§ ACTION ITEM:
Nothing in the records below should be altered in the copy, although the pictures must be left out.

§ RECORDS SUPPLIED:
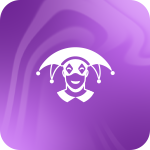 Icon Arlequin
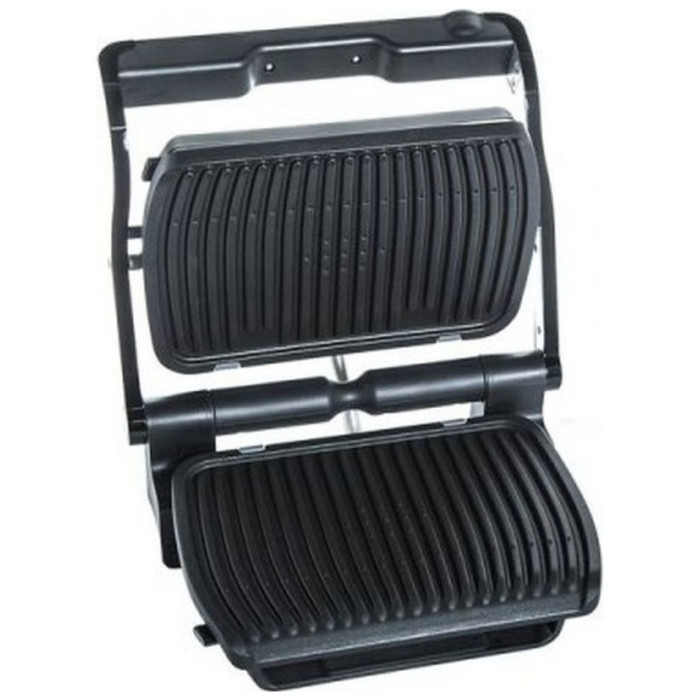 Электрогриль Tefal GC712834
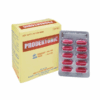 Thuốc bổ máu Prodertonic Medipharco (Hộp 100 viên)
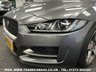 USED 2016 66 JAGUAR XE 2.0d R-SPORT 8 SPEED DIESEL AUTO S/S EURO 6  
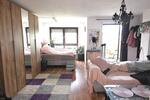 Etagenwohnung Memmingen - 1 Zimmer, 39 m&sup2;, 152.000&euro; | Angebot:26852440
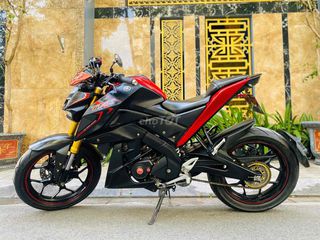 YAMAHA TFX 150 2019 biển 29 Xe nguyên zin đẹp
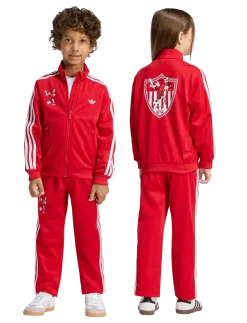 FIREBIRD TS - Børn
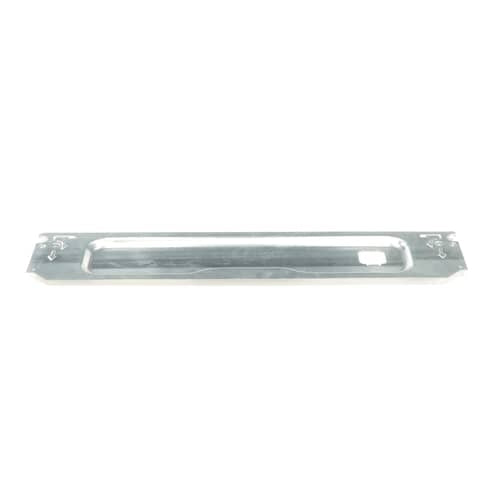 Blomberg Part# 1749290400 Kick Plate Sheet - Genuine OEM
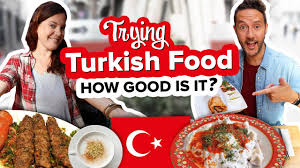 But most of all, turkish food will literally give you a taste of what the omnipresent turkish hospitality is all about. Best Turkish Food In Istanbul Unreal Food Tour In Turkey Eating Manti Salep And Antakya Kebab Youtube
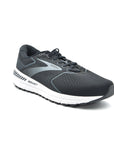 BROOKS Beast 20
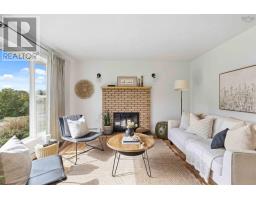 Bedroom - 75 Kaye Street, Lower Sackville, NS B4C1M8 Photo 6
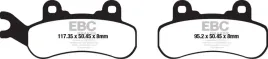 klocki-hamulcowe-ebc-fa683r-kpl-na-1-tarcze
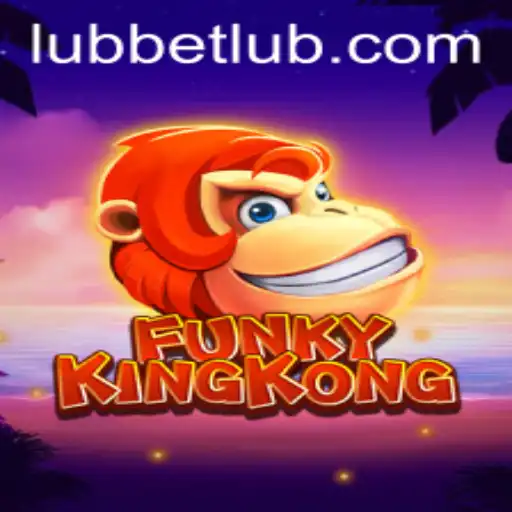 Exploring FunkyKingKong: The Thrilling New Game in the Era of Betlub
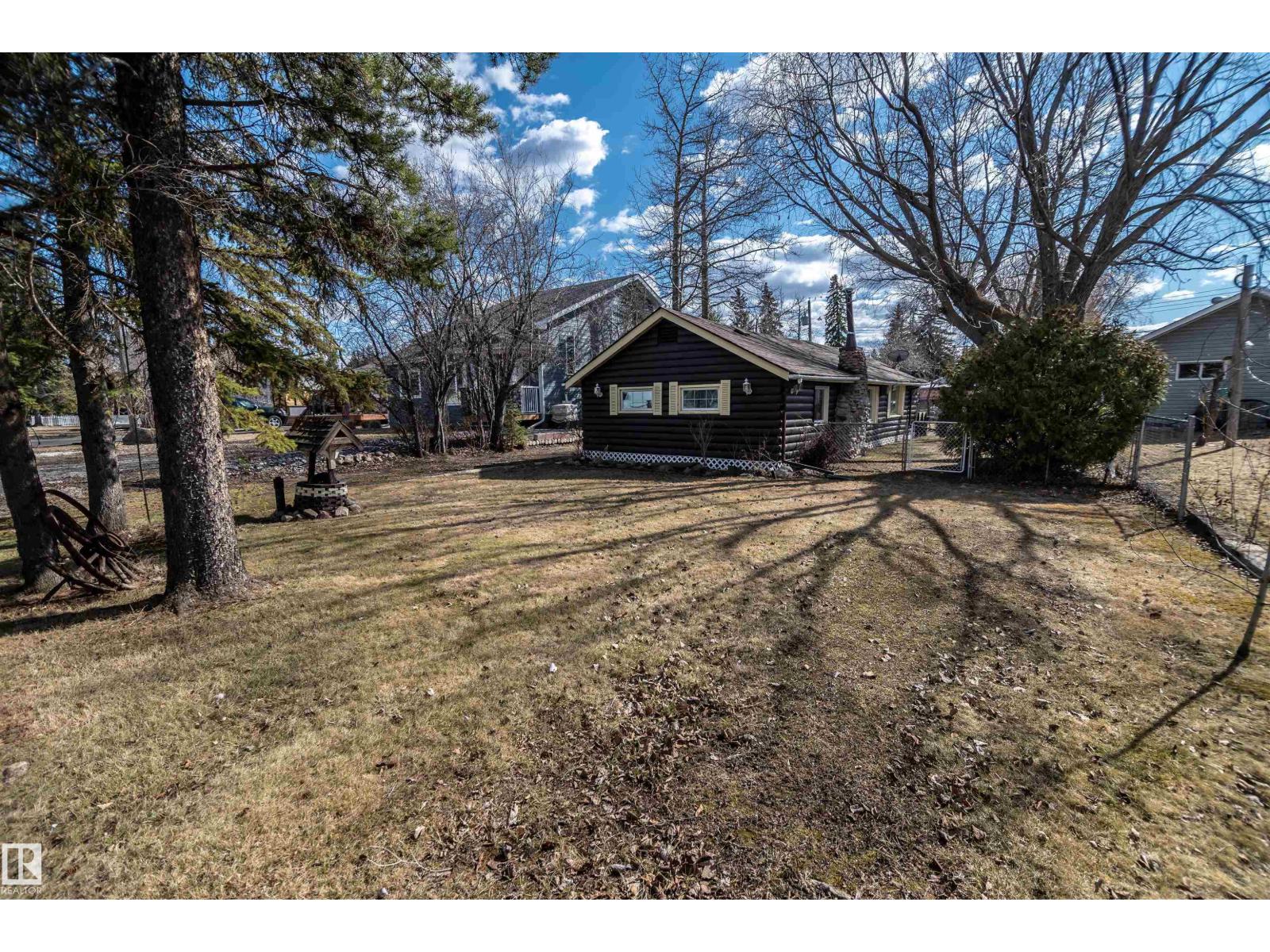 4828 52 St, Rural Lac Ste. Anne County, Alberta  T0E 0A0 - Photo 3 - E4484755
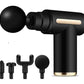 Mini Massage Gun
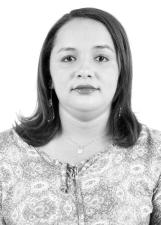 Foto de PEDRINA ARAUJO DOS SANTOS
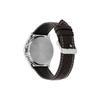 CASIO Men Standard Series Silver Watch MTP-1374L-7AV MTP-1374L-7AV
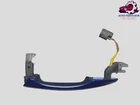 Oem Acura Tlx 2018-2019 Front Left Driver Door Exterior Handle *B575P* Blue Used. Price: $204.99.
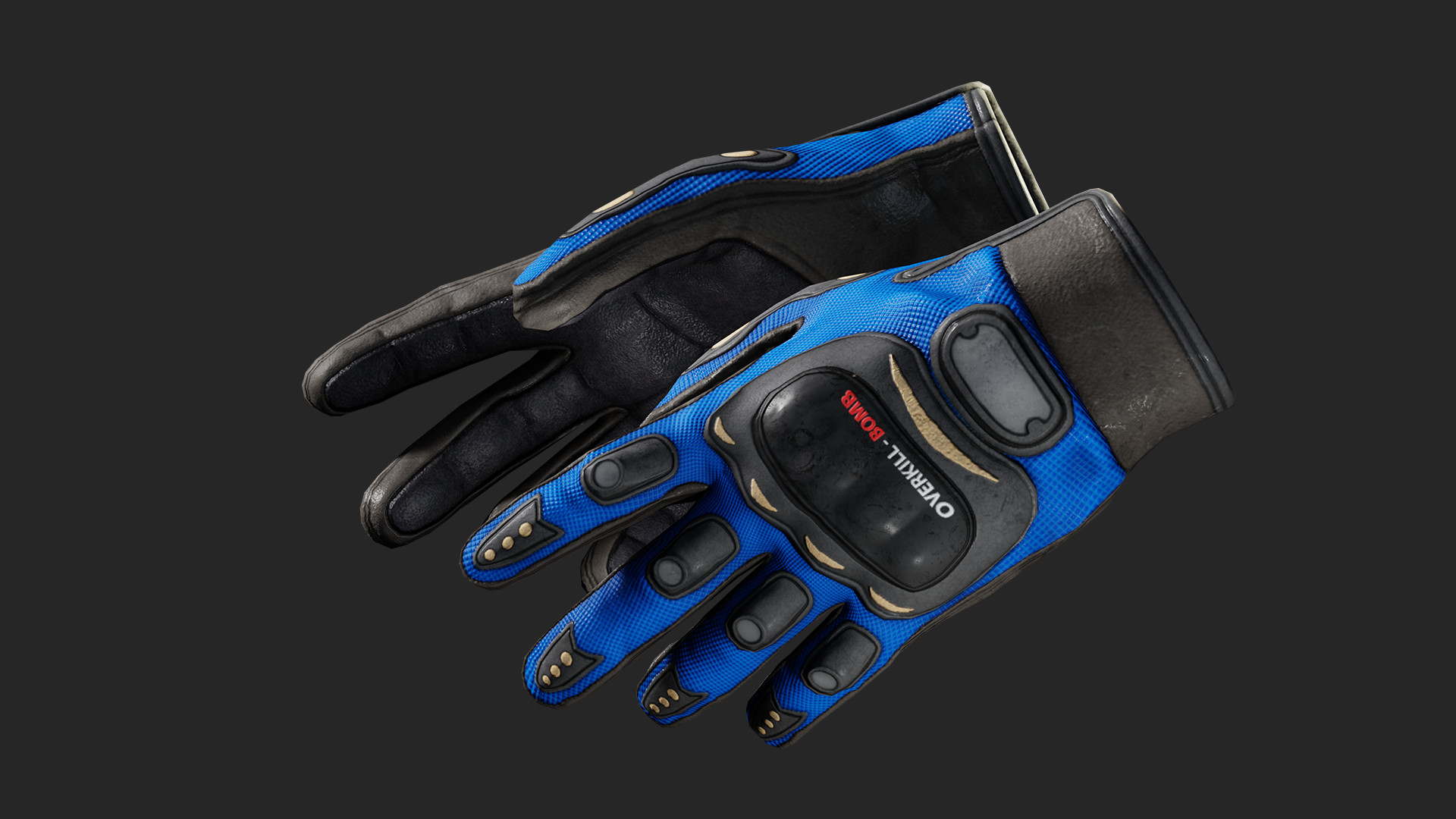 PAYDAY 2: Tailor Pack 3 screenshot 12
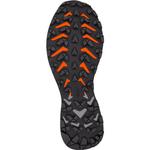 Мужская обувь Amplux Lowa, серый - фото 6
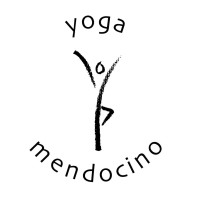 Yoga Mendocino logo - Similar company to Yoga Poise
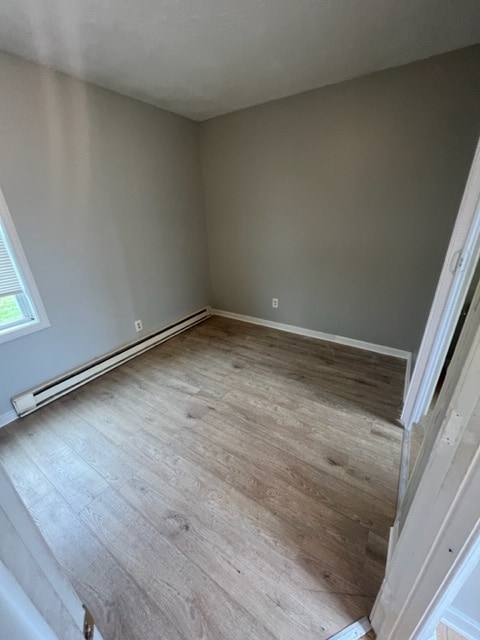 Building Photo - 235-237 State Road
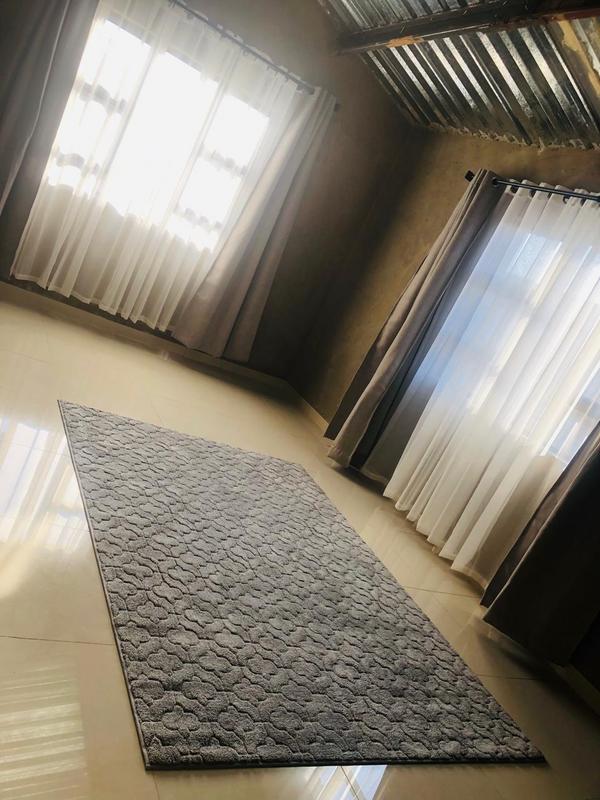 2 Bedroom Property for Sale in Tshepisong Gauteng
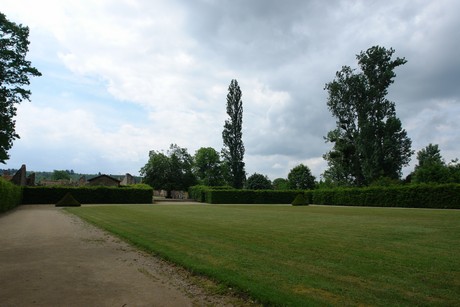 oradour-sur-glane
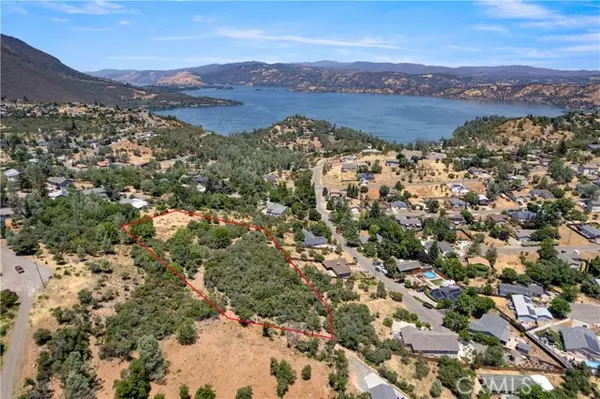 Kelseyville, CA 95451,9779 Mount Hood Way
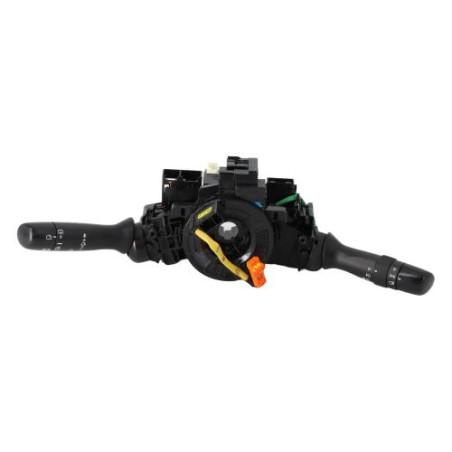 Com (Bloc Contacteur Tournant+Commodo Essuie Glace+Commodo Phare) CITROEN C1 2 Photo n°1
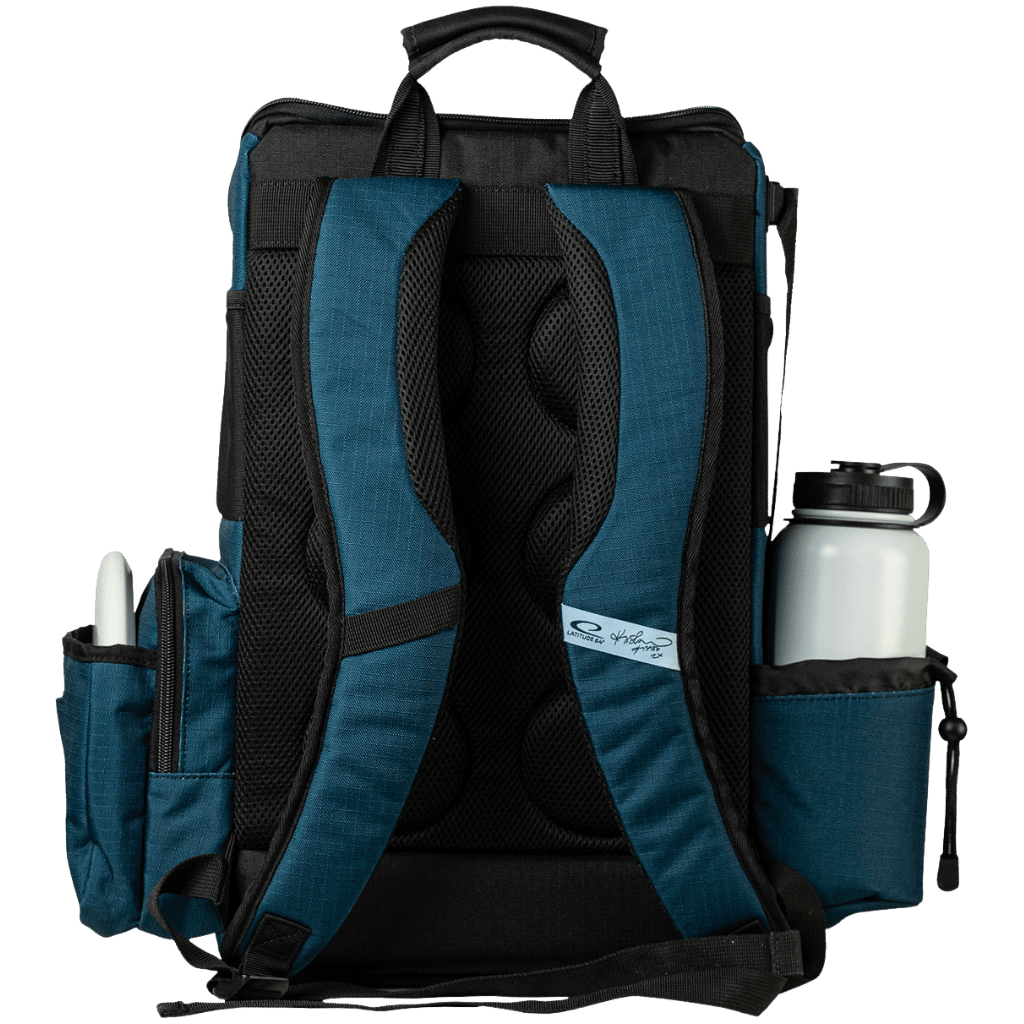 Core Pro E3 Backpack - Kristin Lätt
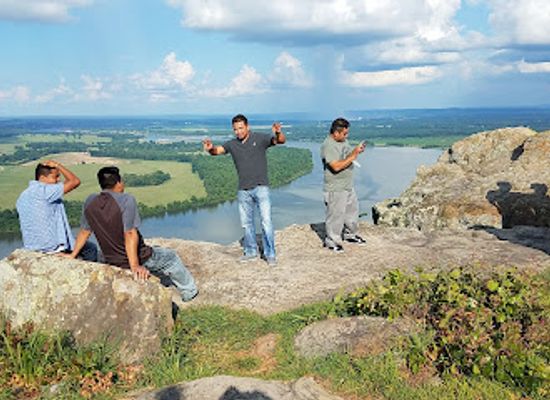 arkansas/timberlands/attraction/petit-jean-state-park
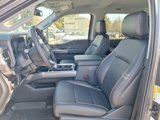 New 2025 Ford F350 Lariat w/ Chrome Package image 5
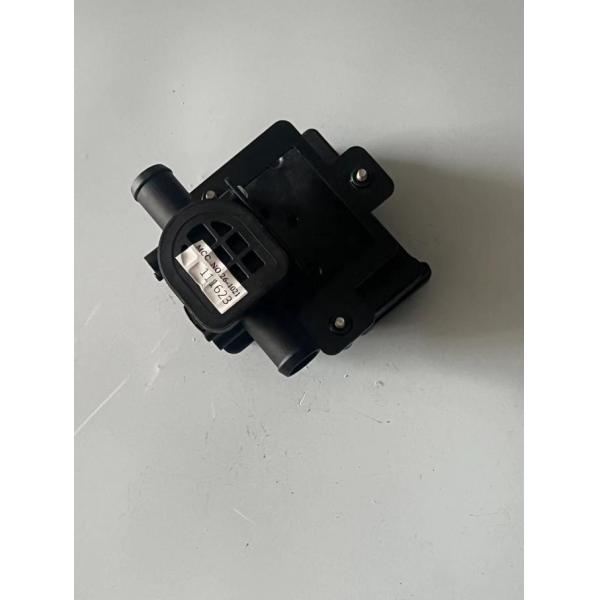 924014.0095 valve Kalmar Reach Stacker Parts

§ EXERCISE SOLUTION:
 Icon Arlequin
 Электрогриль Tefal GC712834
 Thuốc bổ máu Prodertonic Medipharco (Hộp 100 viên)
 USED 2016 66 JAGUAR XE 2.0d R-SPORT 8 SPEED DIESEL AUTO S/S EURO 6  
 Etagenwohnung Memmingen - 1 Zimmer, 39 m&sup2;, 152.000&euro; | Angebot:26852440
 YAMAHA TFX 150 2019 biển 29 Xe nguyên zin đẹp
 FIREBIRD TS - Børn
 Blomberg Part# 1749290400 Kick Plate Sheet - Genuine OEM
 But most of all, turkish food will literally give you a taste of what the omnipresent turkish hospitality is all about. Best Turkish Food In Istanbul Unreal Food Tour In Turkey Eating Manti Salep And Antakya Kebab Youtube
 BROOKS Beast 20
 Bedroom - 75 Kaye Street, Lower Sackville, NS B4C1M8 Photo 6
 klocki-hamulcowe-ebc-fa683r-kpl-na-1-tarcze
 Exploring FunkyKingKong: The Thrilling New Game in the Era of Betlub
 4828 52 St, Rural Lac Ste. Anne County, Alberta  T0E 0A0 - Photo 3 - E4484755
 Mini Massage Gun
 Foto de PEDRINA ARAUJO DOS SANTOS
 CASIO Men Standard Series Silver Watch MTP-1374L-7AV MTP-1374L-7AV
 Oem Acura Tlx 2018-2019 Front Left Driver Door Exterior Handle *B575P* Blue Used. Price: $204.99.
 PAYDAY 2: Tailor Pack 3 screenshot 12
 Мужская обувь Amplux Lowa, серый - фото 6
 Yoga Mendocino logo - Similar company to Yoga Poise
 Building Photo - 235-237 State Road
 2 Bedroom Property for Sale in Tshepisong Gauteng
 oradour-sur-glane
 Kelseyville, CA 95451,9779 Mount Hood Way
 Com (Bloc Contacteur Tournant+Commodo Essuie Glace+Commodo Phare) CITROEN C1 2 Photo n°1
 Core Pro E3 Backpack - Kristin Lätt
 arkansas/timberlands/attraction/petit-jean-state-park
 New 2025 Ford F350 Lariat w/ Chrome Package image 5
 924014.0095 valve Kalmar Reach Stacker Parts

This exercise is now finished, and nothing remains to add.